▶ _Information provided_
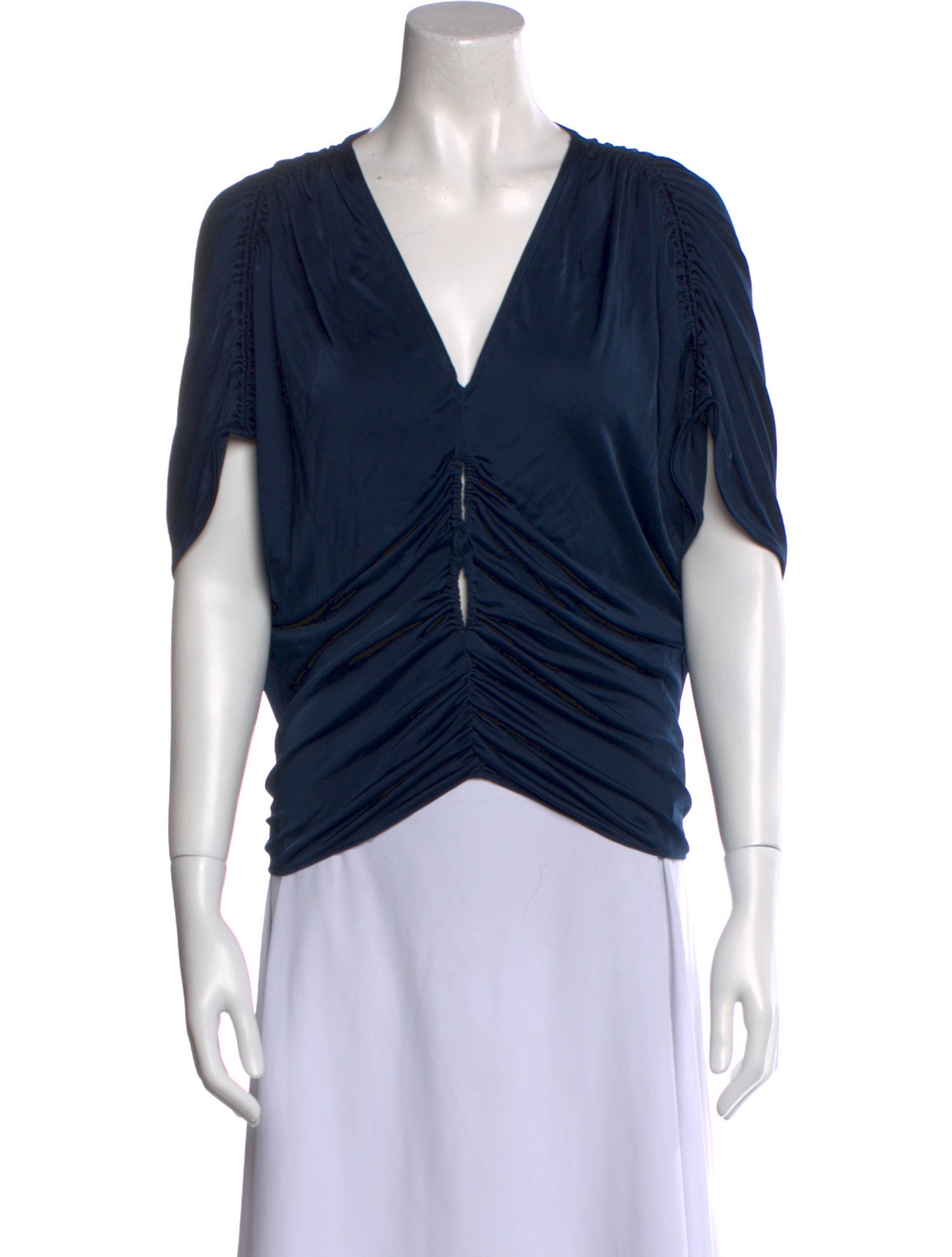 Ramy Brook V-Neck Short Sleeve Blouse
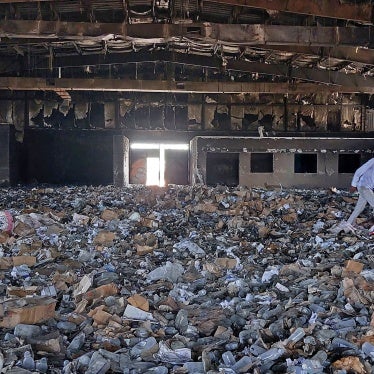 A destroyed medical storage facility in Nyala, the capital of South Darfur province, Sudan, May 2, 2023.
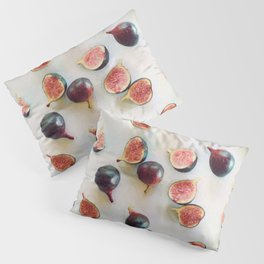 Fresh Figs on Linen Pillow Sham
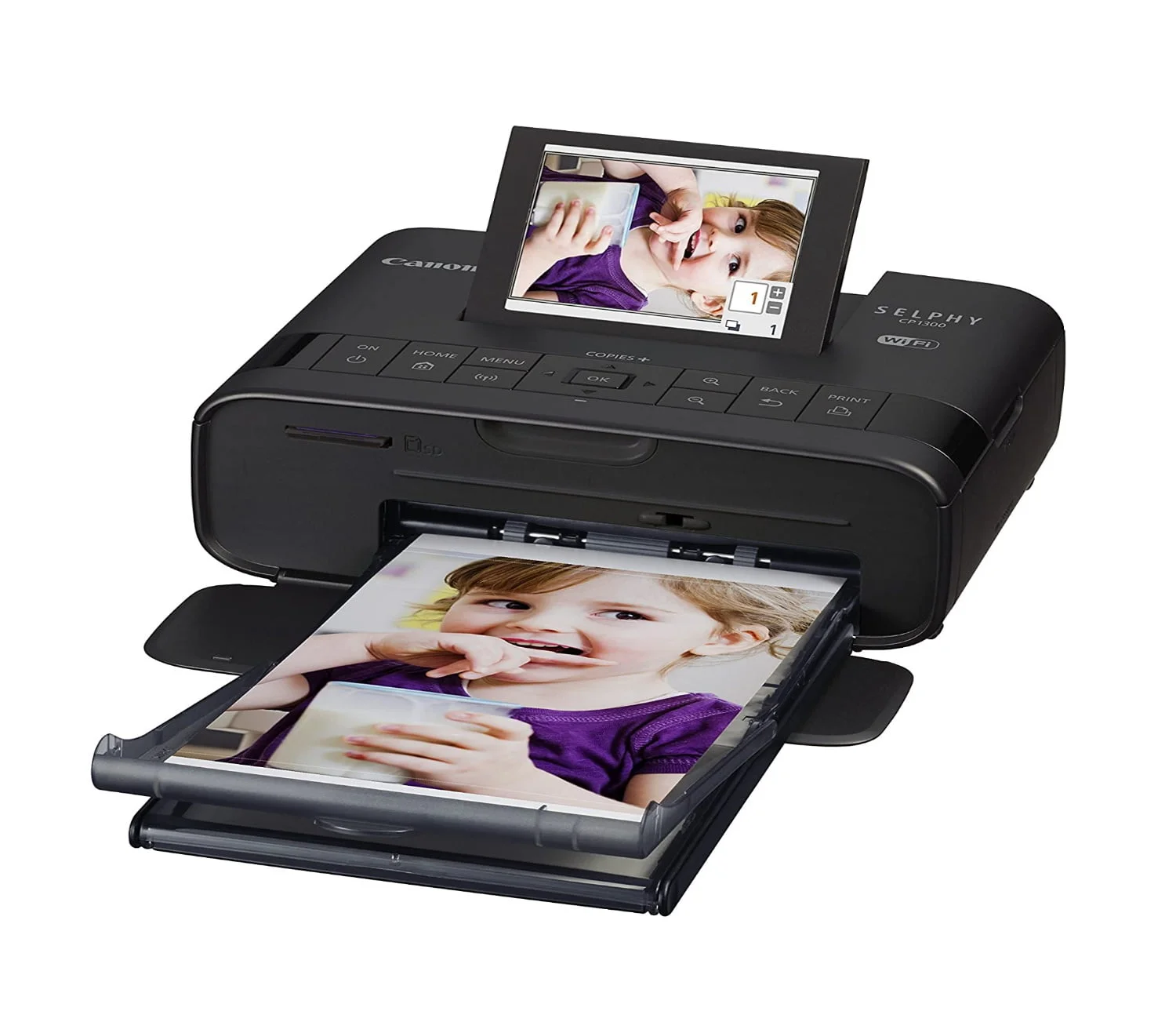 Canon Selphy CP1300 – Imprimante photo – Wifi – Noir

▶ _Task goal_
The expected result is the data above in exact form, free of pictures.

▶ _Exercise solution_
 Ramy Brook V-Neck Short Sleeve Blouse
 A destroyed medical storage facility in Nyala, the capital of South Darfur province, Sudan, May 2, 2023.
 Fresh Figs on Linen Pillow Sham
 Canon Selphy CP1300 – Imprimante photo – Wifi – Noir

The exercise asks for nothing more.